Do not transfer ownership in the LLC to yourself or a prohibited party.
Do not use LLC monies to invest in or loan money to other companies or other assets in which you have an interest.
Do not use LLC monies for personal expenses even if incurred doing managerial duties.
Tax Code Analysis:
Here we discuss and link to Internal Revenue Code 408(m)(3)(A) which directly references the exempt coins. The language regarding trustee possession only applies to ‘bullion’ in 408(m)(3)(B) not ‘coins’ as referenced in Code 408(m)(3)(A).
(m) Investment in collectibles treated as distributions
(1) In general
The acquisition by an individual retirement account or by an individually-directed account under a plan described in section 401(a) of any collectible shall be treated (for purposes of this section and section 402) as a distribution from such account in an amount equal to the cost to such account of such collectible.
(2) Collectible defined
For purposes of this subsection, the term “collectible” means—
(A) any work of art,
(B) any rug or antique,
(C) any metal or gem,
(D) any stamp or coin,
(E) any alcoholic beverage, or
(F) any other tangible personal property specified by the Secretary for purposes of this subsection.
(3) Exception for certain coins and bullion
For purposes of this subsection, the term “collectible” shall not include—
(A) any coin which is—
(i) a gold coin described in paragraph (7), (8), (9), or (10) of section 5112 (a) of title 31, United States Code,
(ii) a silver coin described in section 5112 (e) of title 31, United States Code,
(iii) a platinum coin described in section 5112 (k) of title 31, United States Code, or
(iv) a coin issued under the laws of any State, or
(B) any gold, silver, platinum, or palladium bullion of a fineness equal to or exceeding the minimum fineness that a contract market (as described in section 7 of the Commodity Exchange Act, 7 U.S.C. 7)  requires for metals which may be delivered in satisfaction of a regulated futures contract, if such bullion is in the physical possession of a trustee described under subsection (a) of this section.
(7) A fifty dollar gold coin that is 32.7 millimeters in diameter, weighs 33.931 grams, and contains one troy ounce of fine gold.
(8) A twenty-five dollar gold coin that is 27.0 millimeters in diameter, weighs 16.966 grams, and contains one-half troy ounce of fine gold.
(9) A ten dollar gold coin that is 22.0 millimeters in diameter, weighs 8.483 grams, and contains one-fourth troy ounce of fine gold.
(10) A five dollar gold coin that is 16.5 millimeters in diameter, weighs 3.393 grams, and contains one-tenth troy ounce of fine gold.

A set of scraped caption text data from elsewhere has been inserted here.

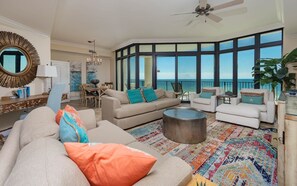 A spacious living room with a large window overlooking the ocean, a ceiling fan, and a variety of seating options. - The Oasis 404 Formerly Phoenix West Ii 404 3 Bedroom Condo (Orange Beach)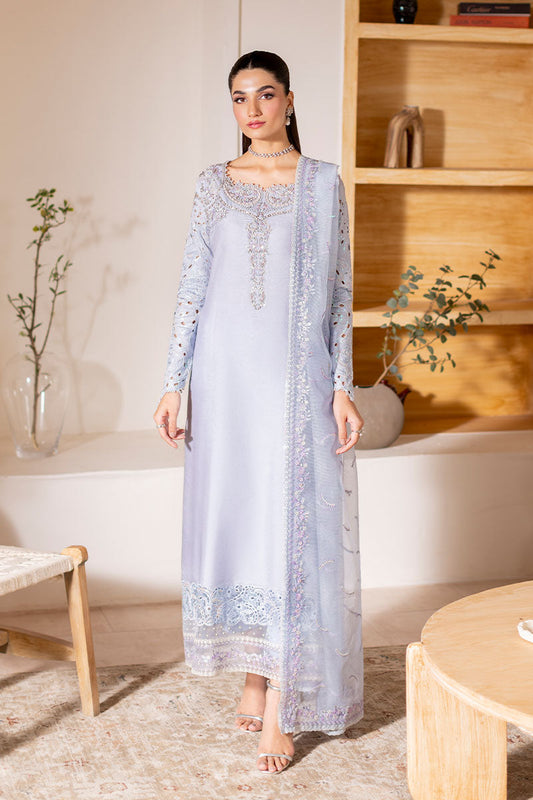 Model wearing ice blue Verve dress from Mushq, showcasing elegant embroidery for Pakistani luxury pret and Pakistani clothes online in UK.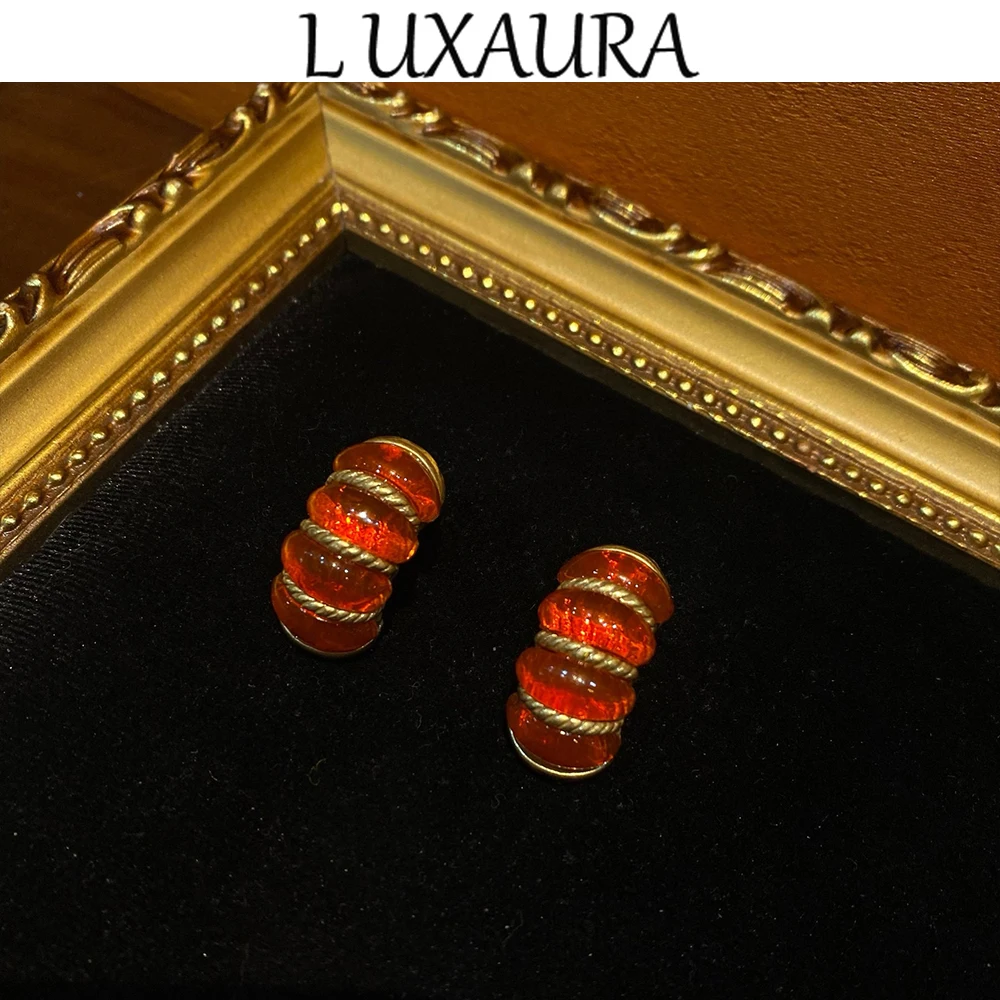 Vintage fashion classic red resin design paired with Bohemian women's Accessory stud earrings
Vintage fashion classic red resin design paired with Bohemian women's Accessory stud earrings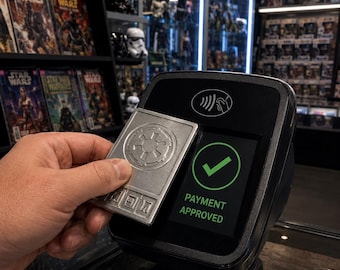 May include: A rectangular silver-colored card featuring an embossed Imperial crest from Star Wars being held against a black contactless payment terminal. The terminal screen displays a green checkmark icon and the text PAYMENT APPROVED.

(1) are 40.6 millimeters in diameter and weigh 31.103 grams;
(2) contain .999 fine silver;
(3) have a design—
(A) symbolic of Liberty on the obverse side; and
(B) of an eagle on the reverse side;
(4) have inscriptions of the year of minting or issuance, and the words “Liberty”, “In God We Trust”, “United States of America”, “1 Oz. Fine Silver”, “E Pluribus Unum”, and “One Dollar”; and
(5) have reeded edges.
(k) The Secretary may mint and issue platinum bullion coins and proof platinum coins in accordance with such specifications, designs, varieties, quantities, denominations, and inscriptions as the Secretary, in the Secretary’s discretion, may prescribe from time to time.
Court Cases & IRS Field Advisory Statement:
In Swanson v. Commissioner, 106 T.C. 76 (1996), the Tax Court ruled against the IRS and found that the formation of a new entity, such as an LLC, which is funded by a self-directed IRA, is not a “prohibited transaction”. The Tax Court in Hellweg v. Commissioner affirmed this holding again a few years later in 2011, 2011-58 (T.C.M, 3-9-2011).
There was an IRS Field Service Advisory Statement #200128011 (April 6, 2001) where the IRS
acknowledged that its challenge was unsuccessful and stated that they will no longer argue or
“maintain” that the purchase of original “stock” (equivalent to Membership Interest in an LLC)
by an IRA is a prohibited transaction under Section 4975(c)(1)(D) of the Internal Revenue Code.